Dengan begitu di masa depan akan menjadi pusat produksi lobster. Negara-negara tersebut juga telah berhasil membudidayakan ikan salmon sebagai industri perikanan tanpa mengganggu sumber ikan salmon di alam liarnya.
Prof Budi menegaskan keprihatinannya dengan cara pandang dan perilaku predasi para pemangku kekuasaan serta pengusaha dalam menguras biodiversitas nasional.
Baca juga:
- KPK Harus Proses Para Politikus yang Terlibat Ekspor Lobster
- Tidak Terkait Korupsi Lobster, Rahayu Saraswati Kuat Hadapi
- Fahri Hamzah Meradang Ekspor Benih Lobster Disetop Luhut
"Ke depan seyogianya cara pandang terhadap biodiversitas diubah dengan menghargai, mengelola dengan bijak, dan melestarikan biodiversitas termasuk lobster agar dapat dimanfaatkan dan dilanjutkan oleh generasi berikutnya," tukas dia.
Diketahui, KPK melakukan penangkapan terhadap Edhy Prabowo di Bandar Udara Soekarno-Hatta, Rabu, 25 November 2020 dini hari.

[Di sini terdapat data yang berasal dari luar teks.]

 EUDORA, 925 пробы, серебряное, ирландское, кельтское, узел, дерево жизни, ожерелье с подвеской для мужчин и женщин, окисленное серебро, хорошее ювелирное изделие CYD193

Edhy ditangkap bersama istri dan sejumlah pejabat Kementerian KKP sekembali dari kunjungan kerja di Honolulu, Hawaii, Amerika Serikat. Selain di bandara, KPK juga menangkap sejumlah pihak lain di Jakarta dan Depok.
"Jumlah yang diamankan petugas KPK seluruhnya saat ini 17 orang, di antaranya adalah Menteri Kelautan dan Perikanan beserta istri dan beberapa pejabat di KKP. Di samping itu juga beberapa orang pihak swasta," tutur Plt Juru bicara KPK Ali Fikri, Rabu, 25 November 2020.
KPK sudah menetapkan Edhy sebagai tersangka bersama enam lainnya, yaitu staf khusus Menteri KKP Safri, pengurus PT Aero Citra Kargo Siswadi, staf istri Edhy bernama Ainul Faqih, staf khusus Menteri KKP Andreau Pribadi Misata, dan seorang bernama Amiril Mukminin. Mereka ditetapkan sebagai penerima suap.
Selanjutnya, seorang tersangka lagi bernama Direktur PT Dua Putra Perkasa Suharjito disangkakan sebagai pemberi suap.
Para tersangka penerima suap dijerat Pasal 12 Ayat (1) Huruf a atau b atau Pasal 11 Undang-Undang Pemberantasan Tindak Pidana Korupsi juncto Pasal 55 Ayat (1) ke 1 KUHP juncto Pasal 64 ayat (1) KUHP.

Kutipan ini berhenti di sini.